La Cima del Tiempo – Manuel Peña

Manuel Peña – The Interview

My name is Manuel Peña and I’m a 28 years old Spanish videographer who mostly make commercials, documentaries, and wedding videos. In the last few months, I have started to collaborate with a former teacher of mine who is currently shooting videos with his students, normally for educational purposes. Since I have always wanted to develop a serious project as a Director of photography, I was delighted when he asked me to assist him as a DOP for “Festivalito” an iconic short films contest in the island of La Palma, Spain. I also operated my GH5, took care of the sound capture and edited the whole film under his supervision. In a few words, I was an all-purpose technical assistant.

The shooting was really extreme. We moved to La Palma and had just one day to shoot and edit the whole short film. We had indoor shots in the amazing facilities of the Grantecan (Canarian Great Telescope, one of the biggest in the world) and indoor shots in its surroundings, at almost 3,000 meters high and temperatures under 7 Celsius. On top of that, as we were just a school class, we didn’t have any production or logistic assistance. Everything was on us.

In terms of storytelling, I was very close to the director’s vision, so I didn’t find it difficult to propose a visual style for the project. I focused on the sky-ground contrast, enhancing the brown, orange tones on the land and saturating some blues and teals in the sky. Inside the telescope, the biggest challenge was to get a proper exposure into the colossal building.

The director wanted to suggest some loneliness around the main character, so I also tried to isolate him by playing with color, lights and depth of field, especially in the close shots.

The edition process was exhausting. After 13 hours of tough shooting and a long car trip back home, we had no time to rest and just put our heads in front of my Macbook.

And it was then that FilmConvert became a crucial tool.

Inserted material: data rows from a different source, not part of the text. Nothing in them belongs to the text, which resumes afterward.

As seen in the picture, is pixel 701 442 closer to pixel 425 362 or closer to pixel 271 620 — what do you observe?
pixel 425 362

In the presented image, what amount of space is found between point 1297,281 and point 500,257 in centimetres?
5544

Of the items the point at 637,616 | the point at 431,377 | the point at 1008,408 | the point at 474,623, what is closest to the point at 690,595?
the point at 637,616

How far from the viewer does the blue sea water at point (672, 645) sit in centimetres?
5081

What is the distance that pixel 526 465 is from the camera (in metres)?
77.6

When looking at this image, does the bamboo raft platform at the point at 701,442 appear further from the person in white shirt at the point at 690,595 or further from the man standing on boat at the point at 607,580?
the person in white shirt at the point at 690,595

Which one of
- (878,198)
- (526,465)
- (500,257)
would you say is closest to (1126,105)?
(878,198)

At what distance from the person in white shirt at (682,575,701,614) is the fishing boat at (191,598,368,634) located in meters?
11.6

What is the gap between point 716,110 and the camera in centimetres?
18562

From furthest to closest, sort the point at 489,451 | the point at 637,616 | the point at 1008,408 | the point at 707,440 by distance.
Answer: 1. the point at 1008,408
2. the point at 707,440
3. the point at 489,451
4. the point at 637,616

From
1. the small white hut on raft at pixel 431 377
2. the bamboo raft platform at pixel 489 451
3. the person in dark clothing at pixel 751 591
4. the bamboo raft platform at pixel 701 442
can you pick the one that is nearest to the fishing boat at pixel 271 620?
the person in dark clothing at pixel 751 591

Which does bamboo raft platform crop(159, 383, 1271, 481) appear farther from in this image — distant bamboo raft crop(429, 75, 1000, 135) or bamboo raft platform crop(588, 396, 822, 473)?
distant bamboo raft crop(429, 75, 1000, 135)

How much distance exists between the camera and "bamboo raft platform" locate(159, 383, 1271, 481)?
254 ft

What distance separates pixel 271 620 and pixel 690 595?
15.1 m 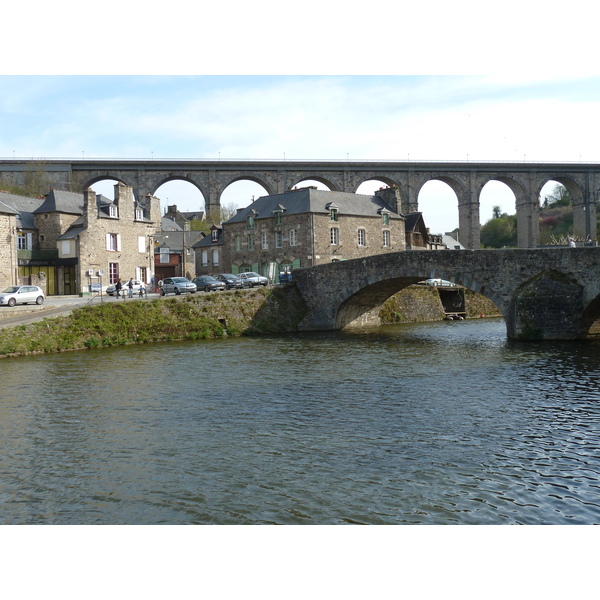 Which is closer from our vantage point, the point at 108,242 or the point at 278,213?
the point at 108,242

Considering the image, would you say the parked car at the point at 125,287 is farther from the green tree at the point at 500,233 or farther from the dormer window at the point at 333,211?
the green tree at the point at 500,233

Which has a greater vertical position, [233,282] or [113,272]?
[113,272]

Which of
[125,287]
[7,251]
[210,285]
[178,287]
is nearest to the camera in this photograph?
[178,287]

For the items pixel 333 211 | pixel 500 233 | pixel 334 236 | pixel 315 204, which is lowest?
pixel 334 236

I have been using FilmConvert on every project I make for quite a long time, and I was perfectly aware of its power to generate convincing and solid cinematic, film-looking images. I’m now editing and color grading on Final Cut Pro, and even if I find it very smart when it comes to get “the look”, I tend to focus on the FilmConvert color tools when I can’t afford a high time consumption. Most of the times the final results are equally good, if not even better.

On this video, I’m using the FJ SuperX 400 with film color and curve at 80%. The grain is around 30%, based on 35mm Full Frame. I also adjusted temperature and exposure using the FilmConvert controls. No LUTs were added, I just kept to the FilmConvert control panel to achieve the visual concept I was looking for. The footage was shot in All-i 422 10 bits 400mbps on the Panasonic Cine-D profile, so every setting from FilmConvert perfectly fitted in the rough cut, providing a superb visual experience. I just can say that FilmConvert is not only an extremely powerful plugin for cinematic purposes but also a workflow booster for color grading in projects with apparently impossible deadlines.